>>>>>

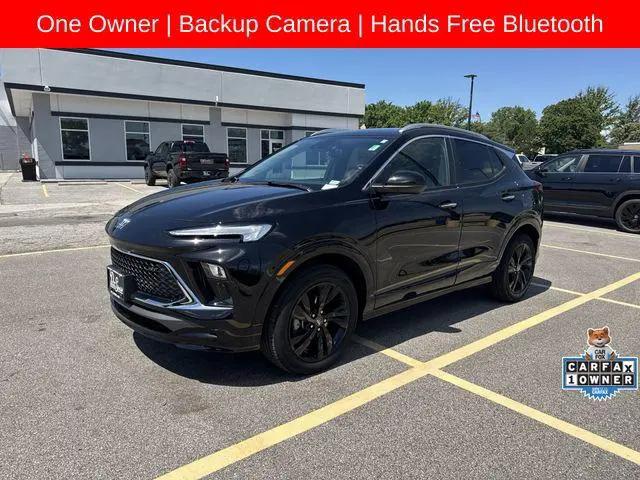 2024 Buick Encore GX Sport Touring FWD for sale in Saint Louis, MO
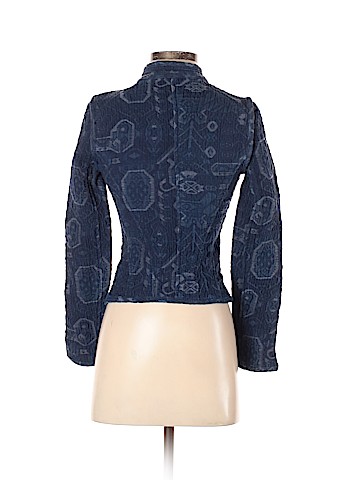 Zara Basic Jacket (view 2)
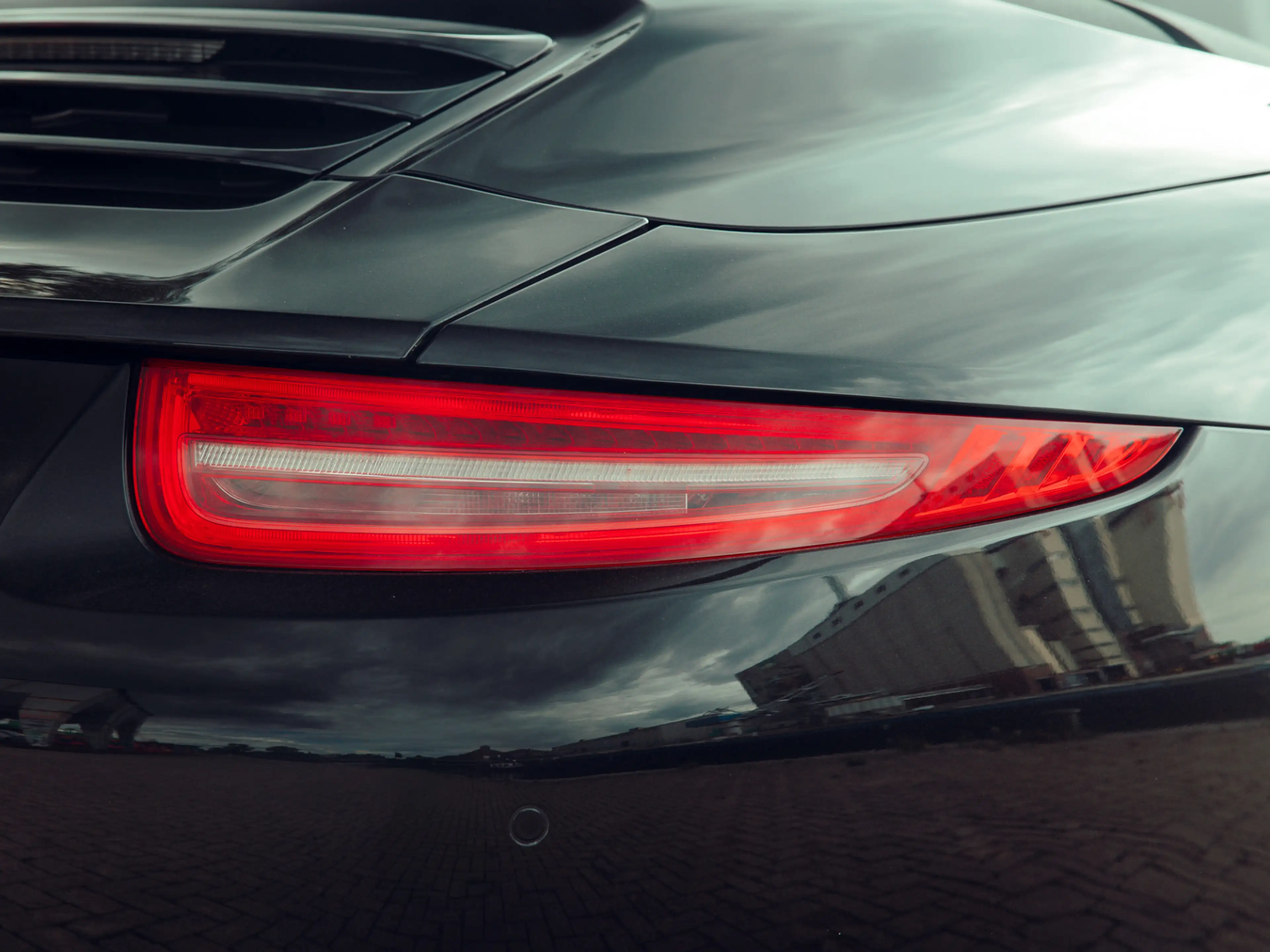 Porsche 991 Cabrio 3.8 Carrera S — photo 13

<<<<<

Goal of the exercise
Write out again, word for word, the lines from the one holding "Zara Basic Jacket (view 2)" through the final line of the listing, including both ends but no pictures.

Exercise output
 Zara Basic Jacket (view 2)
 Porsche 991 Cabrio 3.8 Carrera S — photo 13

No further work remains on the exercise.